La France remboursa donc à l’Iran 330 millions de dollars le 17 novembre 1986 mais refuse de fournir de l’uranium, Georges Besse sera assassiné le soir même. Puis encore remboursera 330 millions en décembre 1987.
La livraison d’uranium à l’Iran est inacceptable, la livraison d’arme officiellement non plus, cependant la société Luchaire livre illégalement 450 000 obus à l’Iran, ce qui deviendra « l’affaire Luchaire ».
Charles Pasqua expulse ensuite les Moudjahidine du Peuple vers l’Irak (décembre 1987).
Enfin, Naccache et quatre autres terroristes iraniens seront libérés et expulsés en juillet 1989.
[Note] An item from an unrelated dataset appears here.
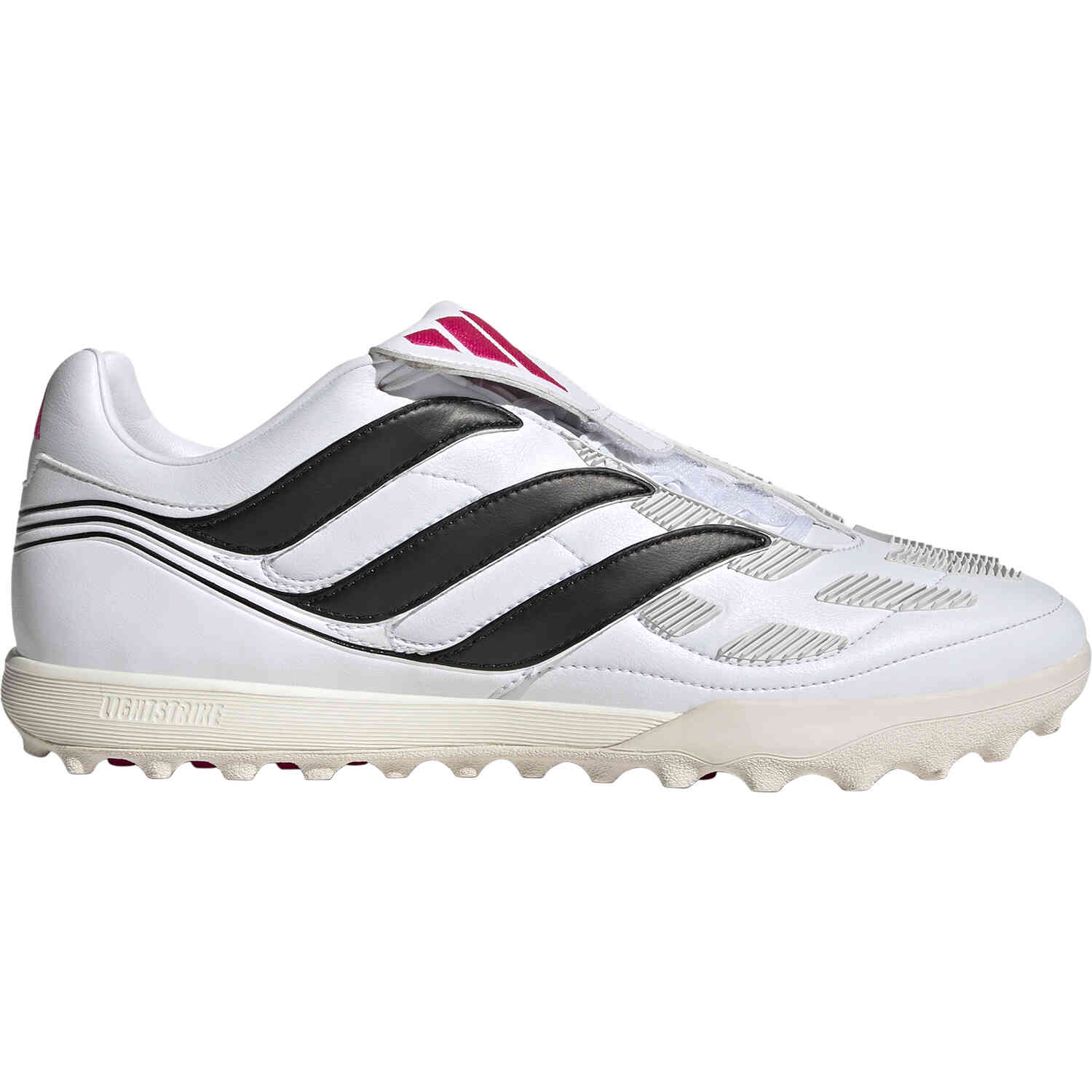Adidas predator sale precision turf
L’absence de livraison d’uranium enrichi explique peut-être l’attentat du DC610 d’UTA au dessus du Ténéré le 19 septembre 1989 (172 victimes).La veille de l’attentat, une lettre publiée par le journal libanais As Shira accuse le gouvernement de Jacques Chirac, et désigne nommément Charles Pasqua pour n’avoir pas tenu des engagements pris à l’égard de l’Iran. Elle enjoint le gouvernement socialiste de "corriger les erreurs de ses prédécesseurs dans l’intérêt de tout le monde". Nous savons que les lettres de menace de ces gens-là représentent le signal du passage à l’acte des terroristes.
Les otages seront libérés et un accord franco-iranien est signé en juillet 1991, il stipule que la France remboursera au total 1,6 milliards de dollars à l’Iran, que l’Iran est rétabli pleinement dans son statut d’actionnaire d’Eurodif avec le droit de prélever 10% de l’uranium enrichi à des fins civiles. Le terrorisme a gagné.
De sources diplomatiques, l’uranium enrichi ne fut jamais livré, l’Iran ne développant pas un nucléaire civil mais militaire.
Pour conclure sur une note d’espoir, précisons que Eurodif (nommé Georges Besse maintenant) cessera toute activité en 2013 et que la nouvelle centrale Georges Besse II appartiendra alors à 100% à Areva, enfin souhaitons-le ou tout au moins que des pays voyous n’en soient pas actionnaires.